Thirty three year ten cadets from the Canford School CCF consumed with excitement and anticipation, together with three teaching staff and seven instructors converged on Hovden at the southern end of the Norwegian mountains on a cold clear and starry evening in February to be met by Jerry Dolan, the chief instructor from GoAdventure1 on the eve of Canford’s annual pilgrimage to experience the challenges and delights of cross-country skiing and arctic survival.
The aim was to the cadets to Nordic Skiing whilst teaching them basic elements of survival in the arctic and thereafter conducting a three day expedition sleeping out in a snowhole for one of the nights. The trip was designed to challenge the cadets, taking them beyond any previous limit of comfort, confidence or familiarity, thereby developing key life skills.
Tentative steps early next morning in the ski tracks quickly gave way to more ambitious relay races, touch rugby and tag games as the cadets grew in confidence over two days under the crystal skies and over the powdery glistening snow. Small clutches of figures in red Goretex tops could be seen tumbling about the vast expanses of stunted birch growing ever more confident and adventurous. On the third day the basic elements of snow survival were added into the skill set with snow caves, snow mounds and snow holes as well as Quincy shelters, bothies, snow profiles, transceivers, probes all becoming part of the cadets’ vocabulary. The third day closed somewhat nervously as bergens were packed and pulks loaded on the eve of the big back-country expedition which would see the cadets covering nearly 45 km in all.

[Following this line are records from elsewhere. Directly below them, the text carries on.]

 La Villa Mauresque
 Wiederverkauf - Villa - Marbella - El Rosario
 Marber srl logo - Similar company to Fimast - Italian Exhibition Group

The cadets set off early next morning with some stunning pink clouds drifting in from the West, but heading more sedately now, heavily laden, for their snow holes. After much digging and scraping the first day closed with tired bodies crawling into their sleeping bags in a mixture of huts, Quincies or snow mounds and snow caves to enjoy a welcome compo meal and some hot chocolate. Sleep overcame all quickly after an exhausting day where the cadets surprised themselves and surpassed expectations. By late evening however two of the snow caves through lack of any real depth of snow (Norway has along with the rest of Europe suffered from a lack of snow this season) had begun to sag and the occupants beat a hasty retreat to the huts nearby. The Quincy mounds however were a triumph and the girls on the expedition led the way and were the first to spend a night under ice.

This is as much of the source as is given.